«Embora, nunca como hoje, se encha tanto a boca com a palavra liberdade, a verdade é que, nas democracias liberais modernas, o controlo exponencialmente invasivo da vida dos cidadãos parece não ter fim.

Trata-se dum problema irresolúvel, do ponto de vista humano: o liberalismo e todas as doutrinas, de esquerda ou de direita, dele derivadas, trazem ínsito no seu ADN o conceito de autodeterminação e este opondo-se ao conceito aristotélico de liberdade (posteriormente, adoptado e desenvolvido por S. Tomás), que se consubstanciava na capacidade do ser humano actuar segundo a ordem do ser (segundo a realidade, a verdade, a natureza das coisas, o Logos, a ordem divina), traduz-se, pelo contrário, na “liberdade do querer” de que falava Heguel, uma “liberdade verdadeiramente infinita cujo limite se encontra apenas nela própria”.

Esta liberdade de cada um configurar a própria vida ao seu gosto converte cada ser humano num pequeno déspota que, se bem lhe apetecer, pode independentizar-se da família – pelo divórcio, das responsabilidades parentais - pela contracepção, da vida que se desenvolve no seu seio – pelo aborto, do seu próprio corpo – pela mudança de sexo, ou até da sua própria vida – pela eutanásia.

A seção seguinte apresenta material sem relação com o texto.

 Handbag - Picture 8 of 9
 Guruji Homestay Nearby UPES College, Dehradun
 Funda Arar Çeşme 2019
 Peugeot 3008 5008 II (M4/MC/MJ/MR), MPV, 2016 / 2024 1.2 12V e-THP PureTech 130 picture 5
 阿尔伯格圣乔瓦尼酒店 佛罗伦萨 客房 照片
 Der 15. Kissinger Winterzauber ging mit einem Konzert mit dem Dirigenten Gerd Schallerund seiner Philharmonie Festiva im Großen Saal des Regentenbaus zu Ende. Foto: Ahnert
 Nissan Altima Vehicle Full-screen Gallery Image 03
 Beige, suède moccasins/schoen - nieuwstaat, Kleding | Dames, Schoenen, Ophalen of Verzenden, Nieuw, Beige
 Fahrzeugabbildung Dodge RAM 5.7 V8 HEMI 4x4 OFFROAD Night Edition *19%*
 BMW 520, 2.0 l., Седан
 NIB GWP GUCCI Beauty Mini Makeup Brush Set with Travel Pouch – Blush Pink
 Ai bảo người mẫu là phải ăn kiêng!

Uma liberdade que se autodetermina a cada instante, ao contrariar a ordem ontológica, enche a sociedade de cidadãos imbuídos de um individualismo feroz, cada vez mais solipsistas, obcecados com os seus direitos, transformando os povos em hordas inorgânicas e amorfas, facilmente subjugáveis, tanto mais que a defesa e a imposição de tais direitos pressupõem a existência dum poder suficientemente forte e invasivo para, no meio do caos social instalado, os poder defender e impor.

A sociedade liberal, ao destruir a ordem do ser, substitui os vínculos naturais entre as pessoas por vínculos puramente contratualistas (jurídicos), dando origem a uma forma de coexistência horrenda, a uma sórdida dis-sociedade, resultante da mera agregação de indivíduos intercambiáveis, todos suportando, por igual, a dura pena de serem constantemente vigiados e coagidos por uma legião de leis, regulamentos e medidas coercivas que, com o auxilio da moderna tecnologia, se tornaram, como nunca, omnipresentes.

É bom de ver que, uma sociedade assim destroçada, onde cada qual, para seu lado, se entretém a renegar, à sua vontade, a ordem das coisas, jamais conseguirá ter ânimo para se livrar desta tirania.»